Biodiversity and species conservation
New Zealand’s geographic isolation means we have many unique plants, birds and animals and these are a priority for us to protect.
As well as species conservation, we also take care of the fourth largest marine territory in the world. Marine conservation is important and while whaling was once a significant industry in New Zealand, today our focus is on protecting these great marine mammals.
At the same time, our economy is largely dependent on introduced species (eg, dairy, apples, pine trees) and we rely on other foreign genetic resources such as insects and fungi to manage introduced pest populations.
Striking a balance between our conservation, economic and cultural needs domestically and on the world stage is challenging. MFAT represents New Zealand in global talks, alongside other agencies like the Department of Conservation (DOC), the Ministry for Primary Industries (MPI) and the Ministry of Māori Development Te Puni Kōkiri.
The Convention on Biological Diversity (CBD)
Biological diversity is declining around the world. While some want to see it conserved and protected, others have a desire to use it to support livelihoods, commercial development and research. To find a balance, countries are working together through the CBD. New Zealand is one of 196 parties to this convention and we have our own corresponding Biodiversity Strategy.
The CBD considers all living things from three perspectives:
- preserving and conserving species
- using biodiversity in sustainable ways
- sharing the benefits of genetic resources.
It has two protocols:
- The Cartagena Protocol on Biosafety, which governs the movement of living modified organisms between countries. We became party to this in 2005.
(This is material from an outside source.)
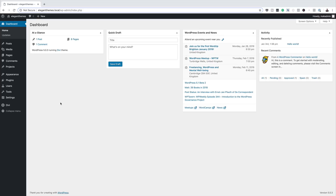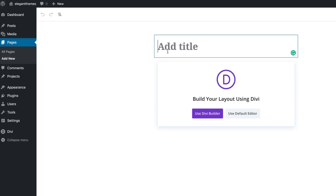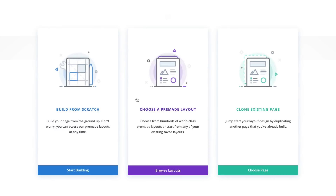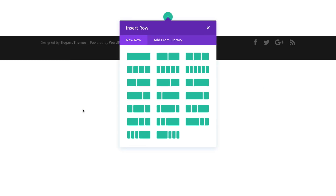What we're going to do now is start off by creating a brand new page, so we'll come over to Pages and click on Add New. You can give your page whatever title you want, but in this case I'm going to use 'Full Screen Layout with Parallax Background'. Next we're going to click on Use Divi Builder, and we're greeted with three options. We are going to build this from scratch, so I'll select Build from Scratch.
- The Nagoya Protocol, which focuses on sharing the benefits that come from using genetic resources, and traditional knowledge. We're yet to become party to this protocol.
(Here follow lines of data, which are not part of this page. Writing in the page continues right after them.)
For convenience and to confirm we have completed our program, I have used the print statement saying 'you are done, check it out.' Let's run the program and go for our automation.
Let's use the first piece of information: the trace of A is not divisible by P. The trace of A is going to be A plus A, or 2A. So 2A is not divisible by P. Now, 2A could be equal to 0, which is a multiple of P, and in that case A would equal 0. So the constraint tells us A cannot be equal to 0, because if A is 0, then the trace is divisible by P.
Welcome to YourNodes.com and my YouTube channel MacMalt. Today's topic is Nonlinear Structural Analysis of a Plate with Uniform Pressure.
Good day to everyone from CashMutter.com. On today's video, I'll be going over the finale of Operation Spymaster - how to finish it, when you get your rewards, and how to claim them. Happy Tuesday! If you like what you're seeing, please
The Convention on the Conservation of Migratory Species of Wild Animals
This agreement, also known as the Bonn Convention, aims to preserve birds, marine and land based species that traverse national boundaries as part of their normal migration. New Zealand became party to the agreement in 1999.
We’re also one of 11 countries to have signed the Agreement on the Conservation of Albatrosses and Petrels, developed as a result of the Bonn Convention. Parties to the agreement are working to address the high number of these birds being drowned or injured after getting caught unintentionaly by fishing boats.
The Convention on International Trade in Endangered Species of Wild Fauna and Flora (CITES)
This international agreement protects endangered wild plants and animals from unregulated, unsustainable trade. Importing and exporting countries share responsibility. New Zealand joined CITES and introduced corresponding legislation, the Trade in Endangered Species Act, in 1989.
The Convention on Wetlands
This convention, also known as the Ramsar Convention, recognises the significance of wetlands as among the world’s most productive environments, and essential to the supply of fresh water. The convention encourages international cooperation on the conservation of wetlands, and suggests how countries can take action.
New Zealand joined in 1976 and has six Ramsar sites: Whangamarino and the Kopuatai Peat Dome in the Waikato, the Firth of Thames, the mouth of the Manawatu River and its estuary, Farewell Spit in Golden Bay, and the Awarua Wetland in Invercargill.
New Zealand is actively participating in negotiations towards a new treaty for the conservation and sustainable use of marine biological diversity of areas beyond national jurisdiction (or BBNJ for short). Areas beyond national jurisdiction include the sea column beyond countries’ EEZs and the seabed beyond countries’ continental shelves. The new BBNJ treaty will sit under the framework of the United Nations Convention on the Law of the Sea (UNCLOS) and is intended to complement the wider existing oceans governance framework. It will focus on four main areas:
• Marine genetic resources, including questions on the sharing of benefits
• Measures such as area-based management tools, including marine protected areas
• Environmental impact assessments
• Capacity-building and the transfer of marine technology
New Zealand sees these negotiations as an opportunity to ensure the conservation and sustainable use of biodiversity in areas beyond national jurisdiction and to fill gaps in the international legal framework that governs it.